Professor of English and Creative Writing at Birkbeck College, University of London and a Professorial Research Fellow, SOAS.

Marina Warner’s mother was Italian and her father an English bookseller; she was brought up in Egypt, Belgium, and Cambridge, England. She has been a writer since she was young, specialising in mythology and fairy-tales, with an emphasis on the part women play in them. Her award-winning books include Alone of All Her Sex: The Myth and the Cult of the Virgin Mary (l976), Joan of Arc: The Image of Female Heroism (l982), From the Beast to the Blonde : On Fairy Tales and Their Tellers (1994) and No Go the Bogeyman (1998). In l994 she gave the BBC Reith Lectures on the theme of Six Myths of Our Time. Her books include Phantasmagoria: Spirit Visions, Metaphors, and Media (2006), Stranger Magic: Charmed States and The Arabian Nights (2011) and Once Upon a Time: A Short History of Fairy Tale (OUP, 2012) . She also writes fiction: The Lost Father (l988), was short-listed for the Booker prize, and in 2000, The Leto Bundle (2000) was long-listed. Her third collection of short stories, Fly Away Home came out in 2014. She has curated exhibitions, including The Inner Eye (l996), Metamorphing (2002-3), and Only Make-Believe: Ways of Playing (2005); Forms of Enchantment: Writing on Art and Artists will be published next year. She chaired the Man Booker International Prize for 2015. Her third collection of short stories, Fly Away Home, was published by Salt in autumn 2015.
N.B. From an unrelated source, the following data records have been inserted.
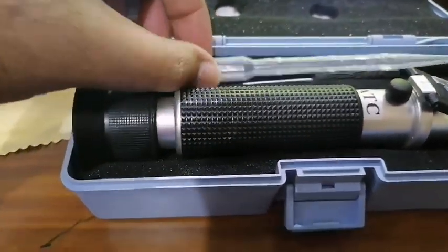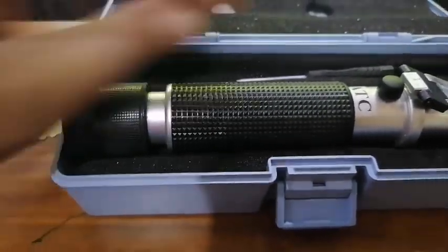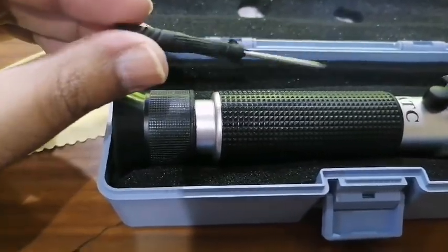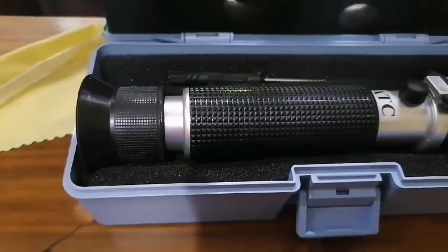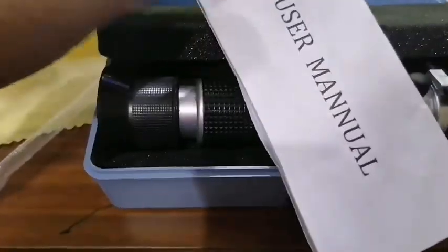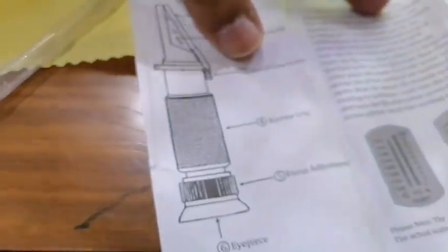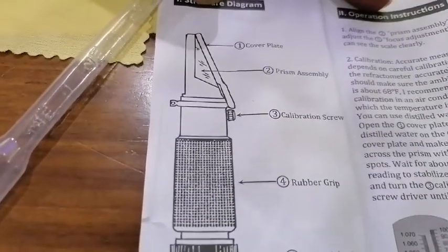Here is the refractometer, and this is the dropper for putting water drops on the prism. Here is the calibration screw and basically a calibration screwdriver. And what is this? This is a user manual. We can see what it says — here is the nomenclature of the refractometer.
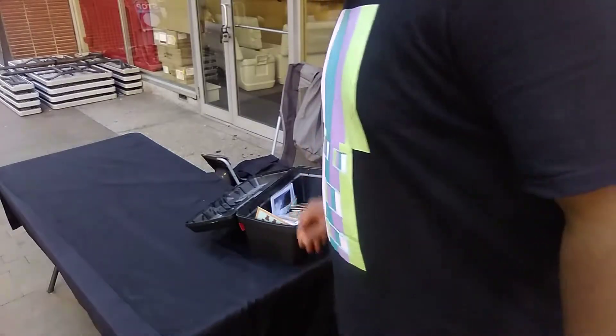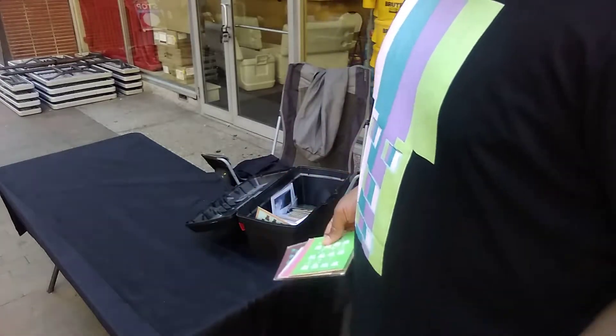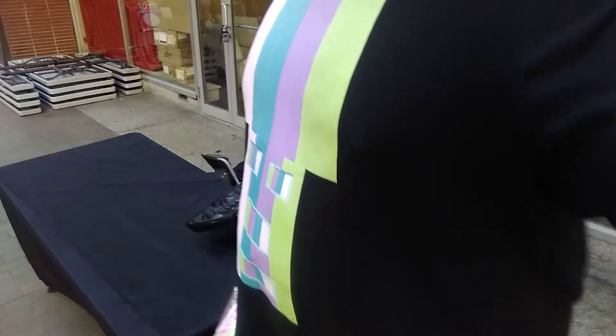This here is the table. These are some of the products I'll be selling. It's not bad — I didn't show you from scratch, like putting up a table, putting the cloth on. But I'll show you this part right now.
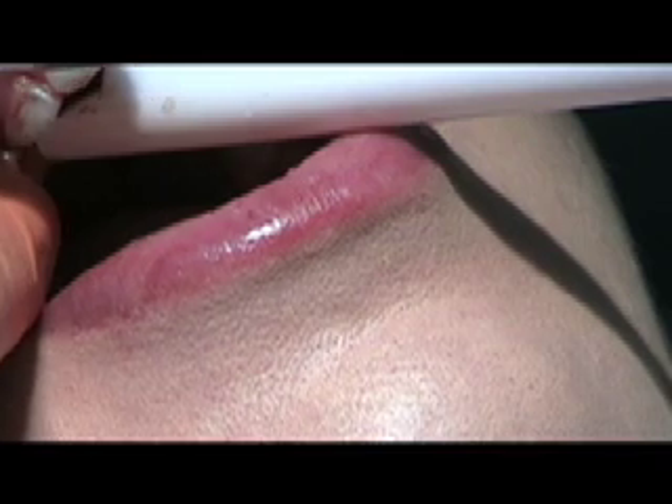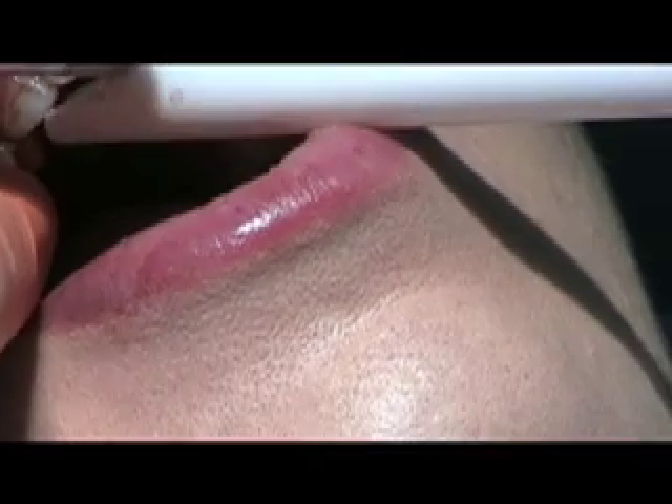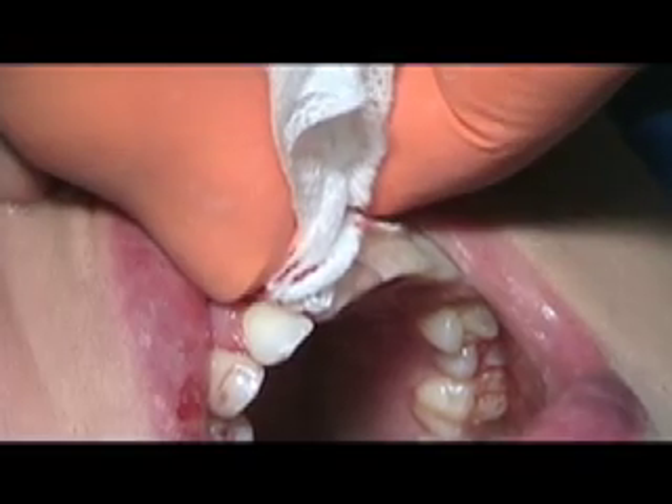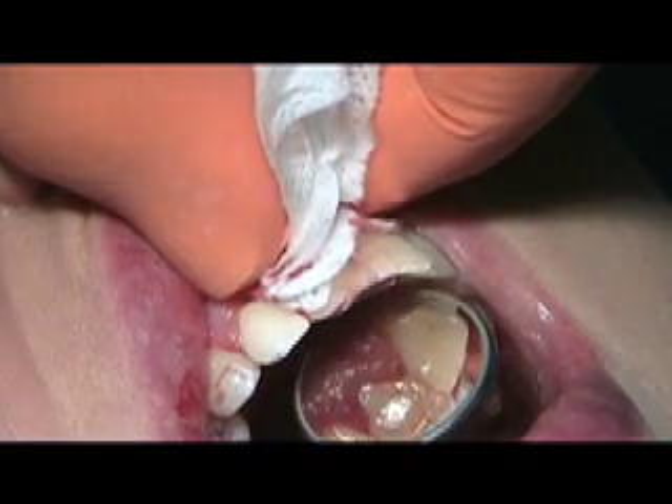Heat, vibration, and pressure are the primary causes of pain associated with the use of the traditional dental drill. Since cutting both hard and soft tissues with the WaterLase does not generate heat, vibration, or pressure, many dental procedures can be performed with fewer shots, less need for anesthesia, less use of the drill, and fewer numb lips.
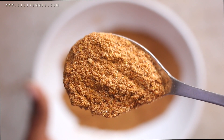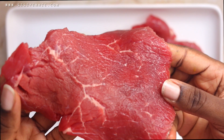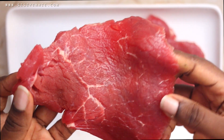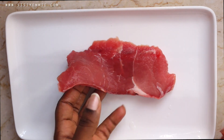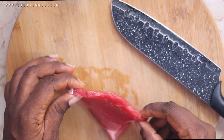For this suya, I'm going to be using two types of beef. I'm going to be using topside beef — you can go to your supermarket and ask the butcher for topside beef. You can also use steak, because they cook quickly. In like 10 minutes your suya is ready. I'm going to be using these two cuts of beef.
Since 2016, she has been working on the theme of Sanctuary and culture in times of dislocation and diaspora, developing the international Stories in Transit project, which aspires to work with displaced individuals, whatever their status, asking: What role can imaginary narratives play in contemporary conditions? In what ways can the ancient human capacity to tell and pass on stories help in the present crisis? Can make-believe help make-truth? More information about the work can be found here: Once Upon a Time: A Short History of Fairy Tale (OUP, 2014) will be reissued as Fairy Tale: A Very Short Introduction in 2018. Forthcoming publications include Forms of Enchantment: Writings on Art and Artists (Thames and Hudson) and The Shadow Image, edited by Rut Blees Luxembourg, with essay and photographs from a trip to China in 1975 by Marina Warner. She is also still at work on a memoir-cum-novel set in Cairo in the Fifties.

She is a contributing editor to The London Review of Books, a Fellow of the British Academy, a Quondam Fellow of All Souls College, Oxford, and, since 2017, President of the Royal Society of Literature. She was made DBE in 2015, and the same year was awarded the Holberg Prize in the Arts and Humanities. in 2017 she was given a British Academy Medal and a World Fantasy Life Time Achievement Award. She is currently patron of the Ted Hughes Society, Bloodaxe Books, Society for Story Telling, Hosking Houses Trust and The Longford Trust.